A new study, focused originally on mountain lion predation of peninsular bighorn sheep in Southern California, reveals a surprisingly low survival rate among mountain lions, according to The Wildlife Society. “Our data started suggesting, part way through the study, that the survival rates were probably lower than we would’ve expected,” said T. Winston Vickers, an associate veterinarian for the Wildlife Health Center, at University of California, Davis, who helped write the report.

The annual survival rate of lions in the region was documented at nearly 56 percent, an abnormally low percentage, given the lion’s protected status, which criminalizes hunting the cats in California. However, the study, published in PLOS ONE, found that habitat fragmentation was the leading cause of lion mortality. Since 2001, for example, only one mountain lion has been known to successfully cross California’s Interstate 15 from east to west.
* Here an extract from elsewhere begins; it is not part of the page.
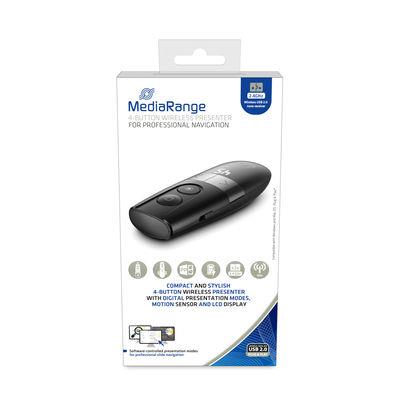 PRESENTER/POINTER WRL/MROS222 MEDIARANGE PRESENTER/POINTER WRL/MROS222 MEDIARANGE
Other studies have shown that high-traffic areas offer few passageways for wildlife, causing most animals to turn back from roadways instead of crossing them. Animal fatalities are more common in lower-traffic areas, though, where animals attempt to cross but misjudge vehicle speed. Depredation permits were the second leading cause of death for mountain lions, the study notes. Other causes include human-induced wildfires, illegal shootings, and public-safety removals.

“We would’ve expected some human-induced mortality,” said Vickers, “But we were surprised to see the vehicle mortalities be so high and even higher than the depredation permits. The lesson is look decades down the road. There are a lot of efforts still to build and secure more corridors and more land. But the challenges are significant once the land is broken up into smaller parcels.”